Buying online railway tickets may soon become a less frustrating task as minister Pawan Kumar Bansal on Tuesday proposed to strengthen the IRCTC website to better serve customers.
To increase the use of technology in Indian Railways, Bansal announced several measures in its budget, including a revamp of the online ticketing system and the use of the Aadhaar unique identity system to authenticate passengers and employees.
The railway ministry plans to internally develop a process that will make online ticketing faster and more secure. The www.irctc.co.in website accounts for almost 50% of the reserved railway ticket bookings. By the end of the year, the new technology will be put in place that will triple the website’s existing capacity to support 120,000 simultaneous users, Bansal said on Tuesday.
Indian Railway Catering and Tourism Corp., a part of Indian Railways, runs the website, while the software is licensed from a private entity. In the new plan, IRCTC will continue to manage the front end but the software used will be developed by the railway’s internal technology arm, Centre For Railway Information Systems (CRIS).
“It is a policy decision to not license the software from a third party as there were security and capacity issues concerned,” a CRIS official said on the condition of anonymity. The switch has been in the works for a couple of years and the system is now being tested, the official said.
Bansal said the new “system shall be able to support 7,200 tickets per minute as against 2,000 tickets per minute today”.
IRCTC is the country’s most used e-commerce website and it is unfortunate that the website’s malfunction is an everyday affair, according to Neel Ratan, executive director of consulting firm PricewaterhouseCoopers.

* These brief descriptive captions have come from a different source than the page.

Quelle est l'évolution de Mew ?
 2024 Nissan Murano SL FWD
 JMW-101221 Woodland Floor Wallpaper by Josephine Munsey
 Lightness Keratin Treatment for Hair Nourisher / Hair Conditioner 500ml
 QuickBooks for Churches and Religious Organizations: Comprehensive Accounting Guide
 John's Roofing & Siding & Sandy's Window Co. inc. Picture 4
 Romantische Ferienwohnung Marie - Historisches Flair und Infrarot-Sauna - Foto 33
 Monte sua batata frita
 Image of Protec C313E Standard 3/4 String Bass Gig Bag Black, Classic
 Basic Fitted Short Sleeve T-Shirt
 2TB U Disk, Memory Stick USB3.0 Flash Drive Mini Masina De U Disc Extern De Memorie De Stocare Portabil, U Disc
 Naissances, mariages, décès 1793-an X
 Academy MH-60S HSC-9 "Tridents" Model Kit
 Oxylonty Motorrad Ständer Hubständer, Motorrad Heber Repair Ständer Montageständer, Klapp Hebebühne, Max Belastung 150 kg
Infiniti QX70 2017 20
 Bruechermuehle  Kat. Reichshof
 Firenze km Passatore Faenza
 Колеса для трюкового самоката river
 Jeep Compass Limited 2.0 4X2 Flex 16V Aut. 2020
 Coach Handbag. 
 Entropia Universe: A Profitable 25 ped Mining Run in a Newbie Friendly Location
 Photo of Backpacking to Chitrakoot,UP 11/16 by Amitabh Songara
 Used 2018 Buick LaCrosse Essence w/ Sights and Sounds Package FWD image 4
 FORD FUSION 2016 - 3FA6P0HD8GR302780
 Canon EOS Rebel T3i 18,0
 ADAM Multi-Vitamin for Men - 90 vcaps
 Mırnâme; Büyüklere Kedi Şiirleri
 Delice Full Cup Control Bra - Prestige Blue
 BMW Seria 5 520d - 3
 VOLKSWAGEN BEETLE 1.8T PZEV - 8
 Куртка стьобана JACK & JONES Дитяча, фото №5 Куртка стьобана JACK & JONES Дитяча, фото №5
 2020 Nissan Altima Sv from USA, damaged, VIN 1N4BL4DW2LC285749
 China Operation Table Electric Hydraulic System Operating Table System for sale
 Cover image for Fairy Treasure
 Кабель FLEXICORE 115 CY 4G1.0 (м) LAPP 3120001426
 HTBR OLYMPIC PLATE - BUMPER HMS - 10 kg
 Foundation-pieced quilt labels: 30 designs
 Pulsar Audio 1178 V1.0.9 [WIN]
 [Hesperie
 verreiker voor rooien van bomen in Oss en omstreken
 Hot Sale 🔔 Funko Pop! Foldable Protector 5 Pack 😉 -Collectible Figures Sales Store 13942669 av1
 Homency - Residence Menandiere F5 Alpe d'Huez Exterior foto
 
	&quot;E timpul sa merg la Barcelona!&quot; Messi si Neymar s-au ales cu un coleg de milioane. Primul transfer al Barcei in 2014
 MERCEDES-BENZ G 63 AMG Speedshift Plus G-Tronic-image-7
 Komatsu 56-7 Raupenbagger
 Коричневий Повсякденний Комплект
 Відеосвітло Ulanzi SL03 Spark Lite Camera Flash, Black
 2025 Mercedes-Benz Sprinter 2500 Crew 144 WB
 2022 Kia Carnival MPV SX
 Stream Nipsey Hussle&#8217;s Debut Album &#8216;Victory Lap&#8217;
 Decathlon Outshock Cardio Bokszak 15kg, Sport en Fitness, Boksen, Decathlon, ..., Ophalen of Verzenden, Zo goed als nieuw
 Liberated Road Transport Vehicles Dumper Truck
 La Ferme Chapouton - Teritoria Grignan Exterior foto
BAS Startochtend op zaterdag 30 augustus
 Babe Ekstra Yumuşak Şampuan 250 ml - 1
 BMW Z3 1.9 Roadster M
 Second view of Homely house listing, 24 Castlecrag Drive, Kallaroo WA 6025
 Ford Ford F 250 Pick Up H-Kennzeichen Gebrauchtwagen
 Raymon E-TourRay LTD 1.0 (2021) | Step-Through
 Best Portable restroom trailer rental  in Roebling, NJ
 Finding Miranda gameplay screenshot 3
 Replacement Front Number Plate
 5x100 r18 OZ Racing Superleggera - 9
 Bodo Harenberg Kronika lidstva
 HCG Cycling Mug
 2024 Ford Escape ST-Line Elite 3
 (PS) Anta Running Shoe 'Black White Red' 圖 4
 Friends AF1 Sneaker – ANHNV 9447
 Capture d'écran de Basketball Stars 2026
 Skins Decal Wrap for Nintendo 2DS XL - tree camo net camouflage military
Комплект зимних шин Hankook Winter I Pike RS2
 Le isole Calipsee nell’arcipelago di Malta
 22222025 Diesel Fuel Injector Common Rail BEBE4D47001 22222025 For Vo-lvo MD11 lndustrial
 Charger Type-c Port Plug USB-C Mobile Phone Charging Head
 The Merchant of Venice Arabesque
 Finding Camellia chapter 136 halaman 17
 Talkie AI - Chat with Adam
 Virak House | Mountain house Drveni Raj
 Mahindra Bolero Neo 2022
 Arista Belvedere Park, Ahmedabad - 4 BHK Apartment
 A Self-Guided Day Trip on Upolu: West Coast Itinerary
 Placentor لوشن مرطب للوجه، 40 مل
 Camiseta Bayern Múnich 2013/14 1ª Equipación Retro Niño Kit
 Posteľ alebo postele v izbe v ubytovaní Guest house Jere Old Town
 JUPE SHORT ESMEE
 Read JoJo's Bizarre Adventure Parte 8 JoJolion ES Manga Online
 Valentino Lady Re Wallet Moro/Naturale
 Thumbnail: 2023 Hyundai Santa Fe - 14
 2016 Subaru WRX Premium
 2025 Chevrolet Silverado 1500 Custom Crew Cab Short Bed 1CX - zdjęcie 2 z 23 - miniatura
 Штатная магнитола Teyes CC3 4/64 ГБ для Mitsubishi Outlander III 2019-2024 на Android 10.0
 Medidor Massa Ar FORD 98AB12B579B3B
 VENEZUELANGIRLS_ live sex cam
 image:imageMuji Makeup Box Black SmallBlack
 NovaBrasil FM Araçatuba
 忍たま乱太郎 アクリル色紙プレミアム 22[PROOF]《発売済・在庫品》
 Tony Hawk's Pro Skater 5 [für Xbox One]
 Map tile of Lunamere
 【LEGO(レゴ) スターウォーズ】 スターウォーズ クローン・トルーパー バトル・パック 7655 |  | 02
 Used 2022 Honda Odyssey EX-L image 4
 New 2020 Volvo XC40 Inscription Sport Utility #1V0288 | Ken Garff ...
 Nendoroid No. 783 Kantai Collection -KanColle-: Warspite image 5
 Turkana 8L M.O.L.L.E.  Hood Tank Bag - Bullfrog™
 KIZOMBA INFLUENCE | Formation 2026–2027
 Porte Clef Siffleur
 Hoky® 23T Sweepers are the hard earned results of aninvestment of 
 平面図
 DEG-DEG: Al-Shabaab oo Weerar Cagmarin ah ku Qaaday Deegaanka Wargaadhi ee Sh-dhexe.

“It needs to be ascertained whether the cause of the problem is the underlying software or its inadequate capacity,” Ratan said. “These issues need to be addressed.”
The railways is also exploring ways to use Aadhaar numbers in many ways. It is already being used as a proof of identity for passengers. Bansal said the Aadhaar database can be used by “railways not only to render more user-friendly services such as booking of tickets, validation of genuine passengers with GPS-enabled hand-held gadgets in trains, but also to provide a better interface with its employees in regard to their salaries, pension, allowances, etc.”
The railway ministry is exploring the option of equipping the trains with hand-held devices to enable biometric authentication to ensure a “very robust mechanism for checking the genuineness of the passengers and in checking the fraud,” said Sunil Bajpai, group general manager of CRIS. Another option is authenticating through the registered mobile number of the passenger and an one-time password, he said.
Bansal also announced that the ministry is working to provide “announcement facility and electronic display boards in trains for disseminating information to on-board passengers about approaching stations, train running, arrival platform, etc., along with providing free Wi-Fi facility.”
Other measures announced in the budget include setting up more automatic and coin-operated ticket vending machines. The railways will also introduce a train protection warning system, which ensures automatic application of brakes whenever a driver overshoots a signal, to eliminate chances of collisions.